(Supplied data begins)

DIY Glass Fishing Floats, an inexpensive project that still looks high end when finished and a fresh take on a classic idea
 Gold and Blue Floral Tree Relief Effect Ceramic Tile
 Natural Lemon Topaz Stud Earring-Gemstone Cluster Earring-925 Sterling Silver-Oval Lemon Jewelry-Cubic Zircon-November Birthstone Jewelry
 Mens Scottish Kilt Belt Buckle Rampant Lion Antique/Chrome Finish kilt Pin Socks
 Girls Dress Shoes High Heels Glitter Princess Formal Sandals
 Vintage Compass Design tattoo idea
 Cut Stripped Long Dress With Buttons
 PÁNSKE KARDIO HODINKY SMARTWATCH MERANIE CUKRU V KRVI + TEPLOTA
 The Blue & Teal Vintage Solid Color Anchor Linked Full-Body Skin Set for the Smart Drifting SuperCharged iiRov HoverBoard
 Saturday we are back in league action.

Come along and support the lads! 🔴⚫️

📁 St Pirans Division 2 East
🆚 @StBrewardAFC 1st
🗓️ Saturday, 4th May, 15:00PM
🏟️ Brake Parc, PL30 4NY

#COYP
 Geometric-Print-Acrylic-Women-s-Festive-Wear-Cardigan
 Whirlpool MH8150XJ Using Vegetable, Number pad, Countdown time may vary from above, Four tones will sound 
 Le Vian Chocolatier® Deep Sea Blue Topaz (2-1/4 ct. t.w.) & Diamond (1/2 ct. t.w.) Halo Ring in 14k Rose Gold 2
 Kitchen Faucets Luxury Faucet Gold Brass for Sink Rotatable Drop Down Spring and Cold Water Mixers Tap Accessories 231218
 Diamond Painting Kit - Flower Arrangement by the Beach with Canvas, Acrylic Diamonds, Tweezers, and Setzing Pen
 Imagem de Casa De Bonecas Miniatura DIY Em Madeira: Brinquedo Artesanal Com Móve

(Supplied data ends)

▸ What you need to do
Nothing but the lines from the one containing "Gold and Blue" through the last line of the data above should be given again, each exactly as it stands.

▸ Solution for this task
 Gold and Blue Floral Tree Relief Effect Ceramic Tile
 Natural Lemon Topaz Stud Earring-Gemstone Cluster Earring-925 Sterling Silver-Oval Lemon Jewelry-Cubic Zircon-November Birthstone Jewelry
 Mens Scottish Kilt Belt Buckle Rampant Lion Antique/Chrome Finish kilt Pin Socks
 Girls Dress Shoes High Heels Glitter Princess Formal Sandals
 Vintage Compass Design tattoo idea
 Cut Stripped Long Dress With Buttons
 PÁNSKE KARDIO HODINKY SMARTWATCH MERANIE CUKRU V KRVI + TEPLOTA
 The Blue & Teal Vintage Solid Color Anchor Linked Full-Body Skin Set for the Smart Drifting SuperCharged iiRov HoverBoard
 Saturday we are back in league action.

Come along and support the lads! 🔴⚫️

📁 St Pirans Division 2 East
🆚 @StBrewardAFC 1st
🗓️ Saturday, 4th May, 15:00PM
🏟️ Brake Parc, PL30 4NY

#COYP
 Geometric-Print-Acrylic-Women-s-Festive-Wear-Cardigan
 Whirlpool MH8150XJ Using Vegetable, Number pad, Countdown time may vary from above, Four tones will sound 
 Le Vian Chocolatier® Deep Sea Blue Topaz (2-1/4 ct. t.w.) & Diamond (1/2 ct. t.w.) Halo Ring in 14k Rose Gold 2
 Kitchen Faucets Luxury Faucet Gold Brass for Sink Rotatable Drop Down Spring and Cold Water Mixers Tap Accessories 231218
 Diamond Painting Kit - Flower Arrangement by the Beach with Canvas, Acrylic Diamonds, Tweezers, and Setzing Pen
 Imagem de Casa De Bonecas Miniatura DIY Em Madeira: Brinquedo Artesanal Com Móve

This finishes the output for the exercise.